Ele contou à reportagem da Mercado&Consumo mais sobre a publicação e o dilema de se lidar com um grande legado e um olhar constante para a inovação ao mesmo tempo. Confira, a seguir, os principais trechos da entrevista.
Mercado&Consumo: Como uma empresa centenária, familiar, com uma cultura muito bem pavimentada, abre espaço para a inovação e transformação constantes?
Antonio Carlos Pipponzi: Empresas familiares são muito potentes. Prova disso é que 75% do PIB mundial vêm de empresas que são de origem familiar. O grande desafio está exatamente nas transições de gerações. Você tem sucesso, quando, em primeiro lugar, olha para trás e respeita o legado anterior. Em momentos de transição, é muito normal que uma parte da família queira continuar o legado e a outra parte queira realizar uma liquidez. Isso é uma coisa mais do que justa e razoável, mas o alinhamento se torna mais difícil. Por isso é muito importante que a empresa tenha lideranças que consigam equilibrar esses momentos. E mantenham valores como empatia, equilíbrio, reconhecer o problema dos outros, não ter vaidade. Outro ponto importante é trazer inovação. Existe um conceito que hoje já é mais falado, que é o da ambidestria. É um grande desafio: a manutenção do legado de um lado e a inovação do outro lado. Você pensa: essa empresa chegou até aqui desse jeito e não há dúvida de que é um case de sucesso.
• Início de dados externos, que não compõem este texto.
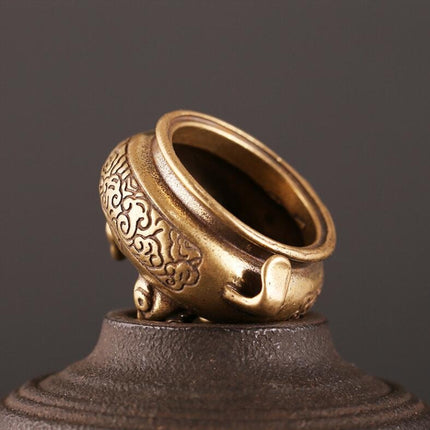 Antique Brass Bronze Tripod Censer Furnace Home Decoration(Brass)-garmade.com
Mas será que o que a trouxe até aqui é o que vai levá-la adiante?
No nosso caso, tínhamos 120 farmácias quando a terceira geração saiu do negócio. As coisas andavam muito bem, a gente era a segunda do mercado e provavelmente seria a primeira. Os jovens que entraram eram muito bem-preparados e tinham a visão de inovação muito acurada. Concluíram faculdades de primeira linha, foram trabalhar em consultorias fora da empresa, foram fazer MBA fora do País. Eles trouxeram um arsenal estratégico fantástico.
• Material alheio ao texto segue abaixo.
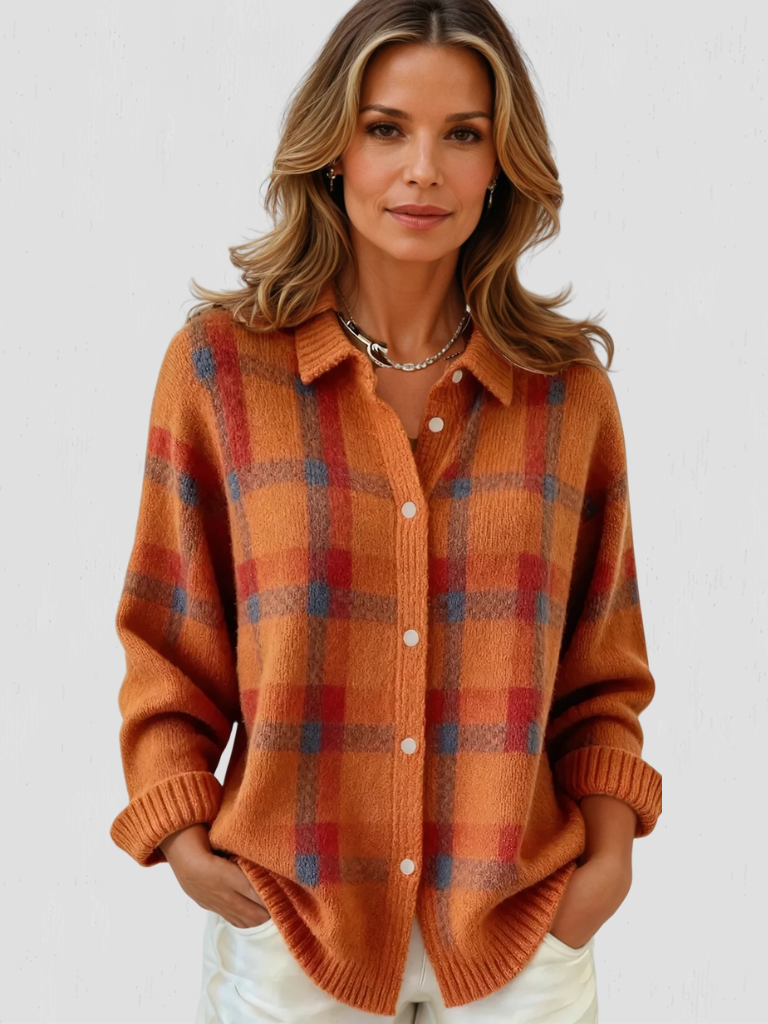 Virginia™ Cozy Retro Plaid Knit Sweater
Mas como é que uma empresa vive quatro gerações? Quando você recebe um legado, você tem que respeitar aquele legado, entender como se chegou até lá e ao mesmo tempo entender que o que vai te levar para o futuro não é exatamente o que te trouxe até aquele momento. E aí você se encontra com esse dilema: de um lado, manter o legado; do outro lado, inovar e transformar. Você tem que fazer as duas coisas. Quando você desequilibra a balança, que é a falta de ambidestria, você realmente incorre em erros. Você pode ficar no mesmo lugar e se tornar uma empresa velha, desatualizada e que vai morrendo, ou pode correr o risco de ter um crise de liquidez, como nós tivemos, por ceder diante das inovações. Tudo o que esses jovens nos trouxeram, tudo fazia sentido. Só que o problema era conjugar e fazer tudo na hora certa para que não se corressem grandes riscos, não se sacrificasse a liquidez como a gente sacrificou. A gente prejudicou o legado. Mas lógico que a gente aprende com isso.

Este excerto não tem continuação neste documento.